Communicating in plain language is deceptively difficult. The end product might read really simply, but behind that there’s usually hours of work and lots of sweat and tears.
We’re all so used to communicating in jargon. Words like ’empowerment’, ‘capacity building’, and ‘marginalisation’ trip off our tongues. Not to mention the abbreviations and acronyms: “OVC, MDG, ART” … and so on and so forth.
One of my favourite books is called Gobbledygook, written by Don Watson. I heartily recommend it as a great argument in favour of plain language, with some great examples of what is wrong with all the jargon and cliches we use without thinking.
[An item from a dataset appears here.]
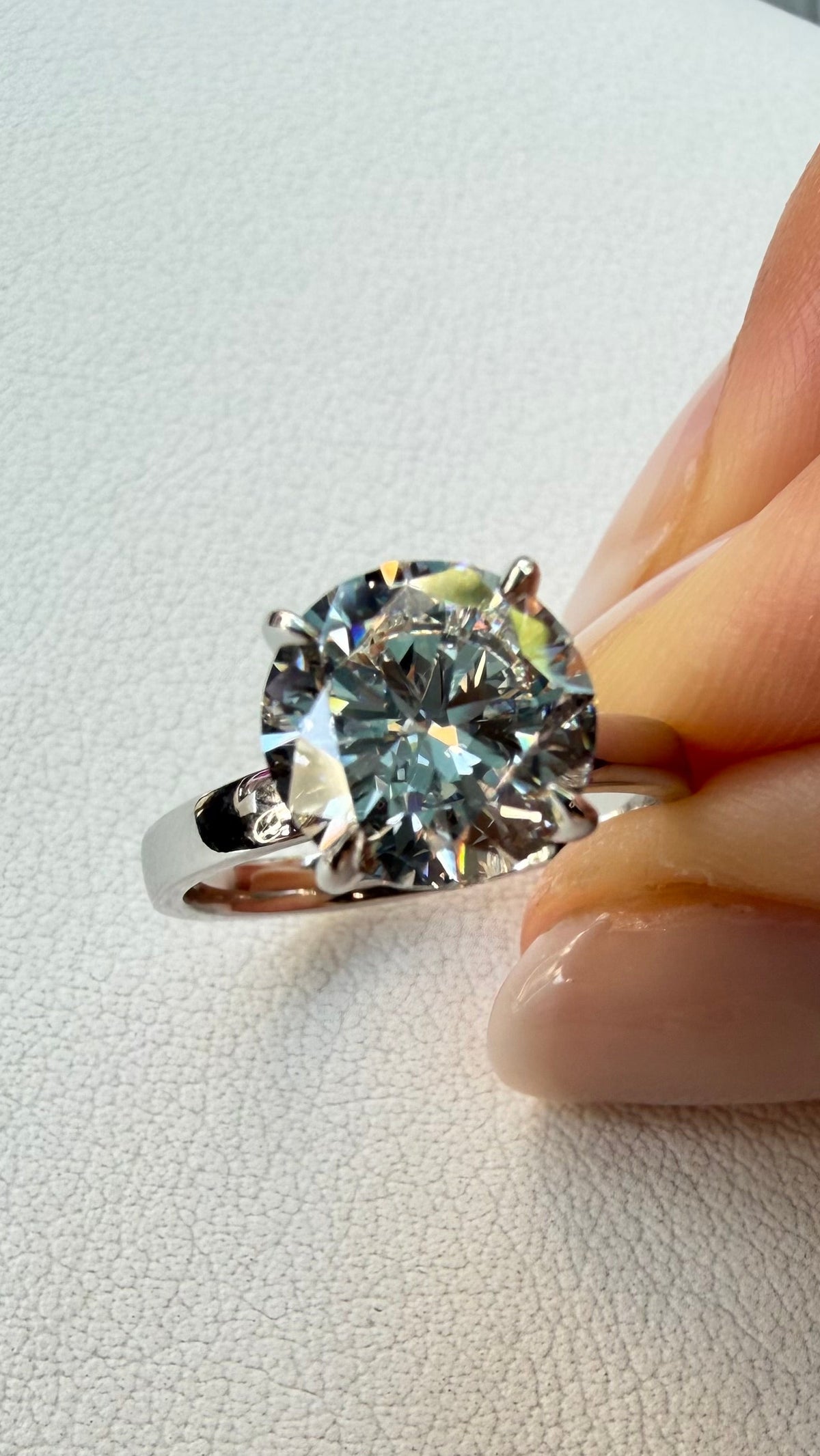 A silver solitaire ring with a large round brilliant-cut gemstone held between fingers against a textured off-white background.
Watson refers to another of my favourite authors on the issue of plain language — George Orwell. Orwell was concerned with how politicians use language to obscure the truth and dull public thinking. He set this out brilliantly in an essay called Politics and the English Language. Read it here or see the Wikipedia article here.
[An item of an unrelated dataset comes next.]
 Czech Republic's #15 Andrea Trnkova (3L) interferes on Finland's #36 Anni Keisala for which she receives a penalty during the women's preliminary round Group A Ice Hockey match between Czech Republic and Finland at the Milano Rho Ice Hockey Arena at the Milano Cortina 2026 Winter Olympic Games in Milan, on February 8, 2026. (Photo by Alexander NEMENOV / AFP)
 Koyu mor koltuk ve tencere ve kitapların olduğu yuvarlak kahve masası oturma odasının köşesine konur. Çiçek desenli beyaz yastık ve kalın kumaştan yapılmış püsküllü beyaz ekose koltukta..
If you don’t think language is a problem, think about this: how many of your friends and family understand just what it is you do for a living? If you work in the non-profit sector, the chances are good that those close to you don’t have a clue — and it’s because you can’t tell them, without using words such as ‘facilitating’, ‘encompassing’, ‘MDGs’, and ‘engagement’.
I like to do a little exercise with people called the ‘Cocktail Party’. People have to mingle in a room, introduce themselves to others and explain what it is they do — all without using any of the jargon they normally use. The listeners have to stop them every time they hear one of the forbidden words. It’s a great test and eye opener. So, what to do if you suffer from jargon-itis? You can start by working out how to describe your job in plain language, using no more than two sentences.
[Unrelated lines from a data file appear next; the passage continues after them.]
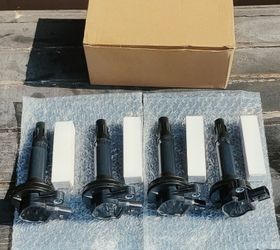 High performance ignition coils & spark plugs For most  four cylinder engines a couple of Mazda cars brand new 30$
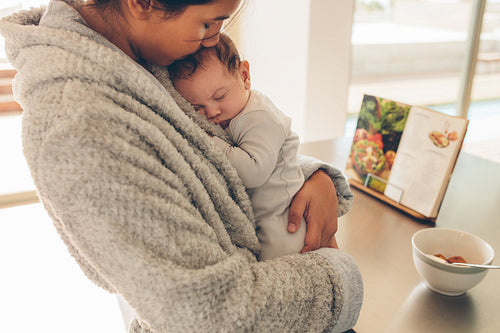 Newborn baby boy sleeping in his mother's hands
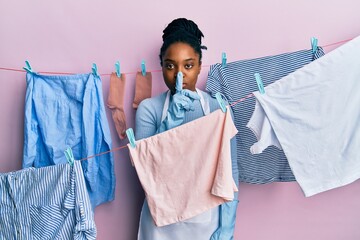 Poster - African american woman with braided hair washing clothes at clothesline asking to be quiet with finger on lips. silence and secret concept.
If you’re stumped, George Orwell offers six rules that should help:
* Never use a metaphor, simile or other figure of speech which you are used to seeing in print.
* Never use a long word when a short one will do.
* If it is possible to cut a word out, always cut it out.
* Never use the passive where you can use the active.
* Never use a foreign phrase, a scientific word or a jargon word if you can think of an everyday English equivalent.
* Break any of these rules sooner than saying anything outright barbarous.